In the Scientific Computing Seminar we host talks of guests and members of the SciComp team as well as students of mathematics, computer science and engineering. Everybody interested in the topics is welcome.
List of Talks
SC Seminar: Dr. Bernhard Eisfeld
11:30SC Seminar Room 32-349
Dr.-Ing. Bernhard Eisfeld, DLR Braunschweig, Institut für Aerodynamik und Strömungstechnik, C²A²S²E Center for Computer Applications in AeroSpace Science and Engineering
Reynolds-Stress Modelling – Concepts, Advances and Challenges
The Reynolds-Averaged Navier-Stokes (RANS) equations are still the backbone of numerical flow simulations in industrial applications. Hence, a turbulence model is required for closure, which decides about the accuracy of the predictions.
Many models are based on the assumption of a flow dependent eddy viscosity added to the molecular viscosity of the fluid. While agreeing with the observation of enhanced momentum transfer due to turbulent fluctuations, this is a significant simplification of the physics of turbulent flow, limiting the predictive accuracy in complex flow situations.
Improvement is expected by Reynolds-stress modelling based on the transport equation for the individual components of the Reynolds-stress tensor and for an additional length-scale providing variable. In this case, the modelling is restricted to the different terms of the Reynolds-stress transport equation and the length-scale equation that is usually taken over from corresponding eddy-viscosity models and considered the weakest link of the approach.
The presentation will introduce the Reynolds-stress transport equation, explain the physical significance of its terms and outline the corresponding modelling approaches.
Recent advances have been achieved by developing a length-scale correction. The underlying idea will be presented and its improvement on the prediction of separated flows will be demonstrated.

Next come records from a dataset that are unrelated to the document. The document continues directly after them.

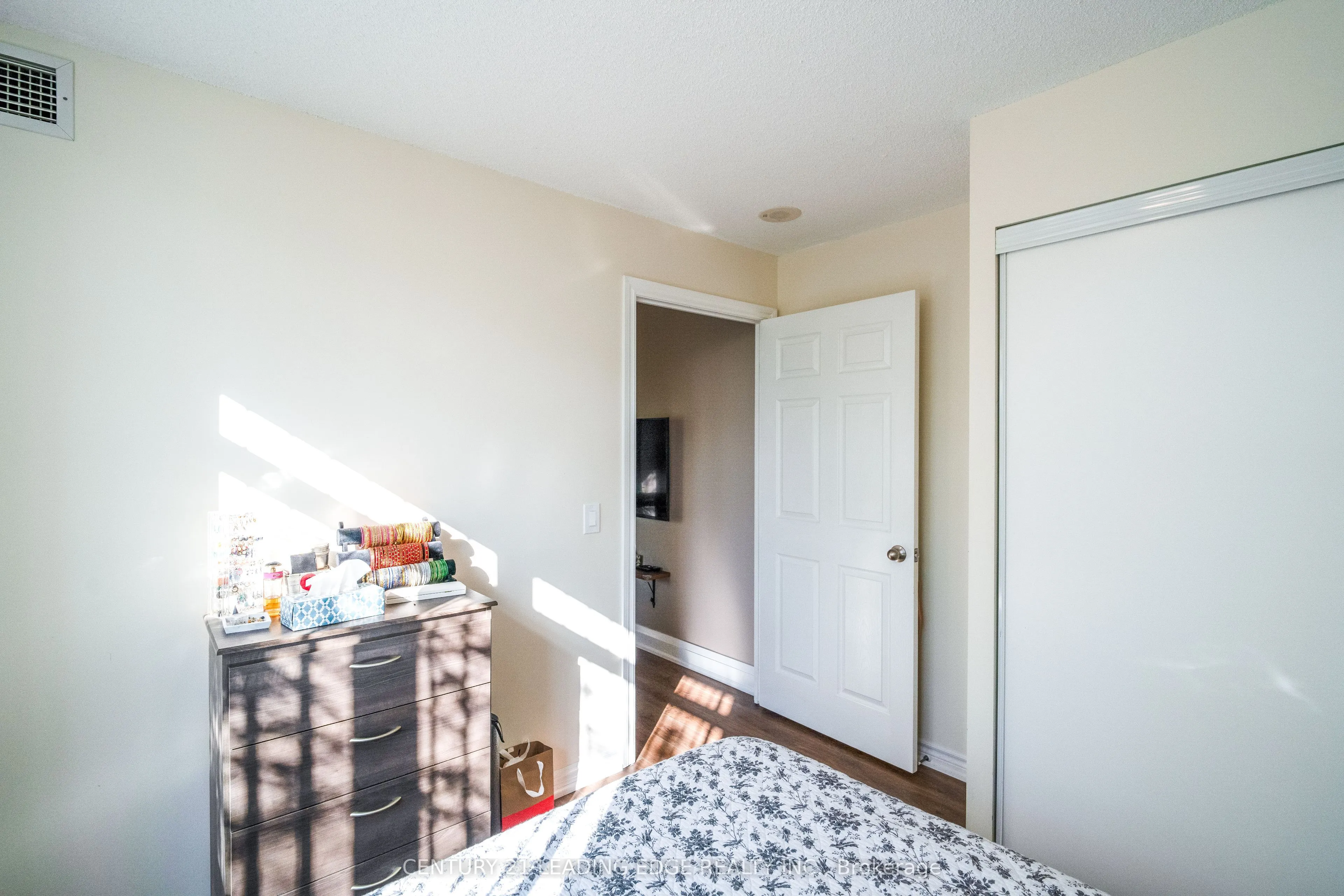 700 HUMBERWOOD Boulevard, #219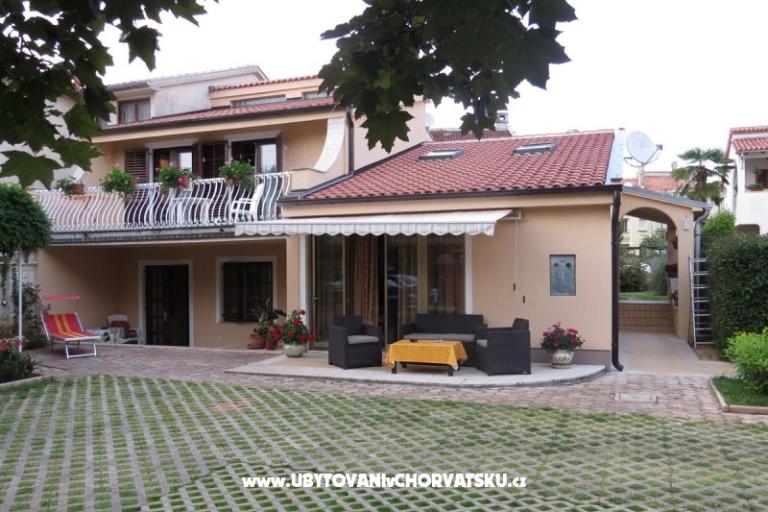 Family Dom Ivancevic – foto 12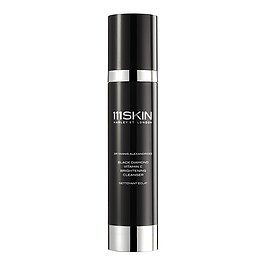 Black Diamond Vitamin C Brightening Cleanser - Gel de curatare multifunctional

Turbulence modelling is challenged by the variety of flow phenomena that need to be treated. This will be underlined by a theoretical analysis of self-similar free-shear flows, predicting a layer of constant Reynolds-stress anisotropy. Experimental data confirm its existence, revealing differences in the turbulence structure between different flows. Hence, a self-adaptive modelling strategy is required, applying tailored models to automatically identified regions of the flow field. An example will be given, demonstrating the potential of such tailored modelling.